Kyon? Kis Liye? (Why? And for whom?) is a Bollywood-inspired Hindi-language film that was shot on a low budget in Hamilton, Ontario, Canada in 2003. The film stars Ruby Dhalla, who was elected to the House of Commons of Canada the year after its completion. Dhalla has sought to block the film's DVD release, arguing that her image was "doctored" in its promotional material.

The film was created by Sihra Productions, which was principally operated by Nand Sihra with his sons Gee and Chico. This was their second film, after and Indian production called Tera Mera Pyar (My And Your Love). The plot of Kyon? Kis Liye? was loosely based on the real-life murder trial of Hamilton resident Sukhwinder Dhillon, with the Sihra brothers playing lead roles. In Bollywood style, the film featured several musical production numbers shot in and around Hamilton. It was screened in Toronto and Hamilton before being released to theatres in India.

Ruby Dhalla appeared in the film as a police officer, and was featured prominently on the film's promotional poster. She explained at the time of the film's release that her image had been digitally altered. "They've contoured my body a bit," she said. "In India, thin is not as in."

In late 2003, federal Heritage Minister Sheila Copps and Indian High Commissioner Shashi Tripathi signed a letter of intent to create a formal relationship between Bollywood and Canada's South Asian film industry. The ceremony took place at the Sihra family's converted auto shop, and the local media noted that the arrangement would benefit companies such as Sinha productions.

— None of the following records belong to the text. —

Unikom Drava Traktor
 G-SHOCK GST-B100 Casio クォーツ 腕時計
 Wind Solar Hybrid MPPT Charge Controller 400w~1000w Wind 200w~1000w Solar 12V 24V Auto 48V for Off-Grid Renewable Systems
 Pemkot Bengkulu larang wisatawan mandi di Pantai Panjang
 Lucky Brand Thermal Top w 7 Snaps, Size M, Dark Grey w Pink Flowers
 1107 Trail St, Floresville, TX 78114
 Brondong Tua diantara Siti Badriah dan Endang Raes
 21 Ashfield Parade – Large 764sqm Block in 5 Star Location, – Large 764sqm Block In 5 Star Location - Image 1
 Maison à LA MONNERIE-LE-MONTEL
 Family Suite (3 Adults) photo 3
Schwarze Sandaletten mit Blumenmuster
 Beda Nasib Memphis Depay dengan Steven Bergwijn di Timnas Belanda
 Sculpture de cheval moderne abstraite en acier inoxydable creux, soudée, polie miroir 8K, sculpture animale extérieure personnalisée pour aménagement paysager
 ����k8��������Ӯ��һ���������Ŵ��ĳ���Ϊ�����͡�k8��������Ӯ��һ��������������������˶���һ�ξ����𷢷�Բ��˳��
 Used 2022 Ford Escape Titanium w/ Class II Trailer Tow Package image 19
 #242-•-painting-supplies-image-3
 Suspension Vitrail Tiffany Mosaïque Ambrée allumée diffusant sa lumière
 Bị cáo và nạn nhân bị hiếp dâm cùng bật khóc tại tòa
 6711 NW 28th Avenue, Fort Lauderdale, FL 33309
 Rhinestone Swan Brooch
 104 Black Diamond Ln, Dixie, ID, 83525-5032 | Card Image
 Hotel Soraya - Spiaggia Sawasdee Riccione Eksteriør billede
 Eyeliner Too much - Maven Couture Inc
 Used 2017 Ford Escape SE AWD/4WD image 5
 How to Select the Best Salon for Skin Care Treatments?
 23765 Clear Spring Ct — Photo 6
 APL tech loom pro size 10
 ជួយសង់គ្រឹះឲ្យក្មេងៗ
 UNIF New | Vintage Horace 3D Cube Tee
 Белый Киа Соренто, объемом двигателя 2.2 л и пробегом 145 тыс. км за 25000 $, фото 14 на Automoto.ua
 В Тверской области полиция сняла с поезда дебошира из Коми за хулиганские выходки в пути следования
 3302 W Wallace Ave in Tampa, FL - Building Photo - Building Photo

Dhalla attempted to block the DVD release of Kyon? Kis Liye? in 2009, arguing that publicity photos and posters from the movie had been "doctored" by putting her face on someone else's body. She also said that the film's release was intended to exploit her status as an elected official. Chico Sihra has said that the images were not doctored, and that Dhalla signed a distribution waiver at the time of the film's production. He adds the form was later destroyed in a fire; Dhalla has denied signing a waiver.